Gideon Yaffe's "The Age of Culpability"

Gideon Yaffe is a Professor of Law, Professor of Philosophy, and Professor of Psychology at Yale University. His research interests include the philosophy of law, particularly criminal law; the study of metaphysics including causation, free will and personal identity; and the study of intention and the theory of action.

Yaffe applied the “Page 99 Test” to his new book, The Age of Culpability: Children and the Nature of Criminal Responsibility, and reported the following:
The Age of Culpability offers a philosophical argument in support of something that no one in their right mind would deny: kids deserve a break when they commit crimes. It’s odd that even though no one denies it, the commonly voiced reasons for thinking it’s true are unpersuasive. I claim that what’s important is not, for instance, brain development, but, instead, the subordinate political position of kids: they are denied a say over the laws they break, primarily by being denied the vote. To make a case for my view, I need to connect two things that don’t initially seem linked: (1) voting rights, and (2) what criminals deserve. I try to explain how they are linked in the book. Page 99 is the argument’s midpoint. So, Ford’s statement is pretty accurate when it comes to my book.

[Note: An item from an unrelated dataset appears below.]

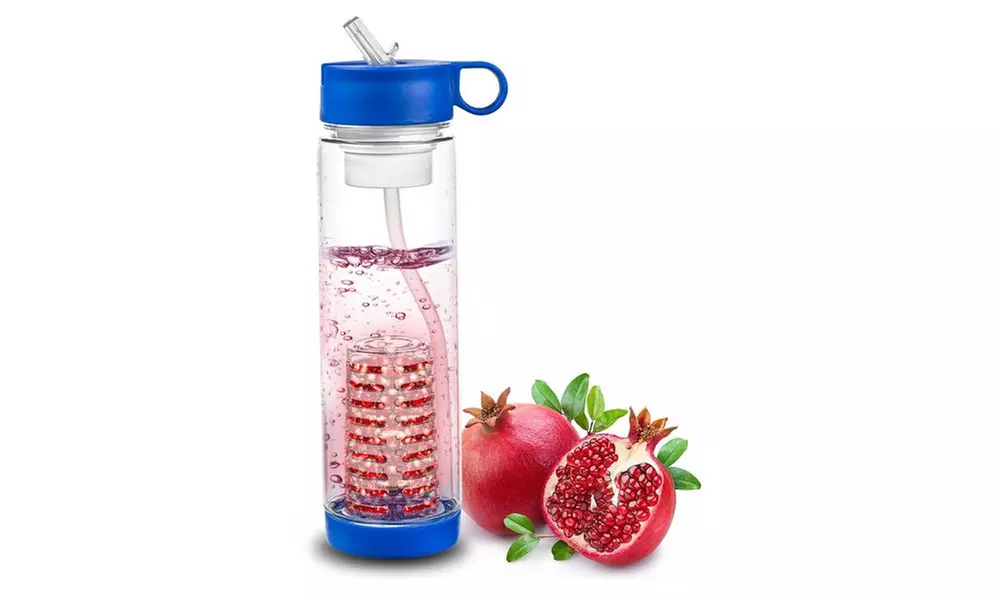 Fruit-Infuser Filter Water Bottle (2-Pack) - Primary Image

On page 99, I say what it is to be owed something bad for doing something bad. What you’re owed is what would have made you view the bad act, before you performed it, in the same way that an ideal person would have viewed it. Say you steal a bike. If it would have taken $10,000 to make the ideal person view that as worth doing, then you’re owed the loss of something you value that much. We want you to be just as averse to stealing the bike as the ideal person. So we need to give you, in response to the theft, just what would have made you that averse.

In later pages I claim that when we are talking about crime, the ideal person is the ideal citizen. But what an ideal citizen is averse to doing is a function of what the laws that apply to him require. The ideal American citizen, contemplating stealing a bike off the street in Tacoma, gives no thought to the laws of Japan. So which laws apply to this ideal citizen? The laws over which he’s entitled to exert influence by voting and speaking. And that’s why how much say a person has over the law he breaks matters to what he’s owed for breaking it. Since kids have less say, they are owed lesser punishments. So, page 99 describes a piece of a philosophical edifice linking voting and criminal punishment. That page is a peephole into “the quality of the whole.”